*** Material provided ***
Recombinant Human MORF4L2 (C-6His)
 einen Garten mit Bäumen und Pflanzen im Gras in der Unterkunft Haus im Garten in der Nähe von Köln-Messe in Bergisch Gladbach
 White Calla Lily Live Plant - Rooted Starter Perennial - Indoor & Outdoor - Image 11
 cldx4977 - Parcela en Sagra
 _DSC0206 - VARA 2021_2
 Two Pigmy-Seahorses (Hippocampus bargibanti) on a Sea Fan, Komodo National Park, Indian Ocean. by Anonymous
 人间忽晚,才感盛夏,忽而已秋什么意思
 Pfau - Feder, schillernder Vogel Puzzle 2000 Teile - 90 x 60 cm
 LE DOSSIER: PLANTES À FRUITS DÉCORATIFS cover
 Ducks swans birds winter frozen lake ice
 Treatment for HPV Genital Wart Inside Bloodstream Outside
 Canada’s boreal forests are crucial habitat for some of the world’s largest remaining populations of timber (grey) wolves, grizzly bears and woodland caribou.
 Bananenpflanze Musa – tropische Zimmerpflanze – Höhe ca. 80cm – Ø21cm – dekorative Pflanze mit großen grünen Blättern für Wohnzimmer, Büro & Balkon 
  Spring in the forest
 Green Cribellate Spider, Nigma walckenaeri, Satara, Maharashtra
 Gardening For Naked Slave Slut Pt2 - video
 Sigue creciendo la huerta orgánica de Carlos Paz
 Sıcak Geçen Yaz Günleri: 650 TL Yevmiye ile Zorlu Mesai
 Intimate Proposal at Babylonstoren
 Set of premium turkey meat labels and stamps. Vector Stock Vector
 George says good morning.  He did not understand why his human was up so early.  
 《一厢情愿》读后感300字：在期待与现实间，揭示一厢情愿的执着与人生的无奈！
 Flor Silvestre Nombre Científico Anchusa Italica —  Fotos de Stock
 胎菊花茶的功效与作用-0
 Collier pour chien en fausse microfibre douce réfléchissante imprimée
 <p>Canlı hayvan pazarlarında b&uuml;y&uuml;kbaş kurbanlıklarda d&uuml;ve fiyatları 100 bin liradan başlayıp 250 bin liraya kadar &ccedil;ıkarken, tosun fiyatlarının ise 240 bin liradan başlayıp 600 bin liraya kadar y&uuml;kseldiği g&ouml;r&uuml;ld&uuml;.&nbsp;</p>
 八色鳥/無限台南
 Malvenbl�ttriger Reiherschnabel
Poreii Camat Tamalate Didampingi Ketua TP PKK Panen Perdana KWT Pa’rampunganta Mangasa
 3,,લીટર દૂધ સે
*** End of Material provided ***
• _What is needed_: Every line of the listing above that includes "Stock" should be copied out.

• _Exercise solution_:
 Set of premium turkey meat labels and stamps. Vector Stock Vector
 Flor Silvestre Nombre Científico Anchusa Italica —  Fotos de Stock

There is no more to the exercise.